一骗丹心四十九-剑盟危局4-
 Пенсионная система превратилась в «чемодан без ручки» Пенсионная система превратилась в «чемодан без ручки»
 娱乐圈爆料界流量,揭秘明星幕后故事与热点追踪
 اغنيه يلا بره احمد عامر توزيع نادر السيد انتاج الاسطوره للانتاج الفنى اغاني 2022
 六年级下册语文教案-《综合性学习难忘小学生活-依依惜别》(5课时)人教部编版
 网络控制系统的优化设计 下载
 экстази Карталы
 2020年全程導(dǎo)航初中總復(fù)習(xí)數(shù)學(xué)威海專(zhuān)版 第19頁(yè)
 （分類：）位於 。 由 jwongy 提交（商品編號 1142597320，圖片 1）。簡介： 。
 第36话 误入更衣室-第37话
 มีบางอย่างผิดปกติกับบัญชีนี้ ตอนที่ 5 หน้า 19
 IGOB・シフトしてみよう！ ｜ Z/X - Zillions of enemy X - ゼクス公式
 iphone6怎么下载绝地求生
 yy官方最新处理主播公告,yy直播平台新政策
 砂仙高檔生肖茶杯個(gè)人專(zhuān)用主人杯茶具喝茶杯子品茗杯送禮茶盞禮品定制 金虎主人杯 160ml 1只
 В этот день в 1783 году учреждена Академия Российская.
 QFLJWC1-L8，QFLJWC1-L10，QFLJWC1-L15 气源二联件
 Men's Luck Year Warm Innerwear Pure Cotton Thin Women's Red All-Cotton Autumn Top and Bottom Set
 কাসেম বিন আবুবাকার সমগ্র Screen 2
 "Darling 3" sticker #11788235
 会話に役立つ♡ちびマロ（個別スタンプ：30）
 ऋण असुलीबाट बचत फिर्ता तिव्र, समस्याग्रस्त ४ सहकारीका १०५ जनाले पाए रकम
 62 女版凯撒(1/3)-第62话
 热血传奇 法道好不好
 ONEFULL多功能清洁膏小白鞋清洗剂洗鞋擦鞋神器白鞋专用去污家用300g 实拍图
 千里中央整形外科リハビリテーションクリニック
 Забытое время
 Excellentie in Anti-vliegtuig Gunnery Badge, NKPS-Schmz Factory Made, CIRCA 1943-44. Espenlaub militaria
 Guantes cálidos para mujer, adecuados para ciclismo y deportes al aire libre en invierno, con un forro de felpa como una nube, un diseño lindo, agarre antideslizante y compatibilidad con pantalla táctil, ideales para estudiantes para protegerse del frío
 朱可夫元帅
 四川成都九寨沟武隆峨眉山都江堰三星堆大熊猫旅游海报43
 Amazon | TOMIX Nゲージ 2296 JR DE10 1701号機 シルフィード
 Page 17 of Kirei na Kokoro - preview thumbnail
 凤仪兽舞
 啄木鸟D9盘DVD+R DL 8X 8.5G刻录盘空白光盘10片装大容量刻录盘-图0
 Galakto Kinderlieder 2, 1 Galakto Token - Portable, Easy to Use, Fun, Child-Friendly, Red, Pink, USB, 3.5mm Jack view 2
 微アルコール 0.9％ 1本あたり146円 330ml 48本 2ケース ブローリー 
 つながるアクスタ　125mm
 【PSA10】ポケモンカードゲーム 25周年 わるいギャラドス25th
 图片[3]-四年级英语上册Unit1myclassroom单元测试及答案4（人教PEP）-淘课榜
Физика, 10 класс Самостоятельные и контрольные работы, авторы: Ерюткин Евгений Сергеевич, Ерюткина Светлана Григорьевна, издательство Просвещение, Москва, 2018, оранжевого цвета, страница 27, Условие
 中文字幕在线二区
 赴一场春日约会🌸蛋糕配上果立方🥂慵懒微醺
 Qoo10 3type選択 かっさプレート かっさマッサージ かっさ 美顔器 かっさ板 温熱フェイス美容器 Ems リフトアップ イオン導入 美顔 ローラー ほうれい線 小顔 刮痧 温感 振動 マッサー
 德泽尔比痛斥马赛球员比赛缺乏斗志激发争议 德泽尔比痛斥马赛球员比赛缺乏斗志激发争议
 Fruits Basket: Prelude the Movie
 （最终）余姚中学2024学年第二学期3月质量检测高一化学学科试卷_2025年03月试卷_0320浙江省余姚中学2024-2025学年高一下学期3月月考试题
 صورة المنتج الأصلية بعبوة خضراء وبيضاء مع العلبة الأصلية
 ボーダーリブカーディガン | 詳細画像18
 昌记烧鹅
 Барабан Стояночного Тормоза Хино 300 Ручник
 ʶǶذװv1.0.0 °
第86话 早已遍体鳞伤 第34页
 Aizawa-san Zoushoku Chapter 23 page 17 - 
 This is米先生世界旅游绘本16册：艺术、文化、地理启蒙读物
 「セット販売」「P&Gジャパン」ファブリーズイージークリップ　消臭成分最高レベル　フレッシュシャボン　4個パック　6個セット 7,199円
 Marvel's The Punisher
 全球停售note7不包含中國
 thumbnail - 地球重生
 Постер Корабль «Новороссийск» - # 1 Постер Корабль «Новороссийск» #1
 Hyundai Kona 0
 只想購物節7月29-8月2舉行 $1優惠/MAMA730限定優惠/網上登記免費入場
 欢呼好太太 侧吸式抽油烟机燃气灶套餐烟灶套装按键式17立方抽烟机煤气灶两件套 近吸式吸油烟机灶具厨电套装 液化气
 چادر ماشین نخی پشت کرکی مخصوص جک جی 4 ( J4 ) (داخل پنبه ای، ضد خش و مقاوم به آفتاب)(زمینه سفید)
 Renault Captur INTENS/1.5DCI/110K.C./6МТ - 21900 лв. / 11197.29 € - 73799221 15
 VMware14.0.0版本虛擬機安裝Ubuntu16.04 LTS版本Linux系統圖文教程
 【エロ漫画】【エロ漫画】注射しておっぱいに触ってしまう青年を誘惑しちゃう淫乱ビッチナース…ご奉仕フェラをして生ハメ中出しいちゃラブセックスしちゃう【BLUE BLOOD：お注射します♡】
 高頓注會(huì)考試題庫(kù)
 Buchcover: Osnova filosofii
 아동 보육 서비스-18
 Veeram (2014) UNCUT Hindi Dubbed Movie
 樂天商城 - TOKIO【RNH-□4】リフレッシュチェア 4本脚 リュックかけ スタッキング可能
====
- [Requirement] Copy the material above word for word, taking the first line, the line containing "会話に役立つ♡ちびマロ（個別スタンプ：30）", and every line between them, and nothing else.

- [Task result]
一骗丹心四十九-剑盟危局4-
 Пенсионная система превратилась в «чемодан без ручки» Пенсионная система превратилась в «чемодан без ручки»
 娱乐圈爆料界流量,揭秘明星幕后故事与热点追踪
 اغنيه يلا بره احمد عامر توزيع نادر السيد انتاج الاسطوره للانتاج الفنى اغاني 2022
 六年级下册语文教案-《综合性学习难忘小学生活-依依惜别》(5课时)人教部编版
 网络控制系统的优化设计 下载
 экстази Карталы
 2020年全程導(dǎo)航初中總復(fù)習(xí)數(shù)學(xué)威海專(zhuān)版 第19頁(yè)
 （分類：）位於 。 由 jwongy 提交（商品編號 1142597320，圖片 1）。簡介： 。
 第36话 误入更衣室-第37话
 มีบางอย่างผิดปกติกับบัญชีนี้ ตอนที่ 5 หน้า 19
 IGOB・シフトしてみよう！ ｜ Z/X - Zillions of enemy X - ゼクス公式
 iphone6怎么下载绝地求生
 yy官方最新处理主播公告,yy直播平台新政策
 砂仙高檔生肖茶杯個(gè)人專(zhuān)用主人杯茶具喝茶杯子品茗杯送禮茶盞禮品定制 金虎主人杯 160ml 1只
 В этот день в 1783 году учреждена Академия Российская.
 QFLJWC1-L8，QFLJWC1-L10，QFLJWC1-L15 气源二联件
 Men's Luck Year Warm Innerwear Pure Cotton Thin Women's Red All-Cotton Autumn Top and Bottom Set
 কাসেম বিন আবুবাকার সমগ্র Screen 2
 "Darling 3" sticker #11788235
 会話に役立つ♡ちびマロ（個別スタンプ：30）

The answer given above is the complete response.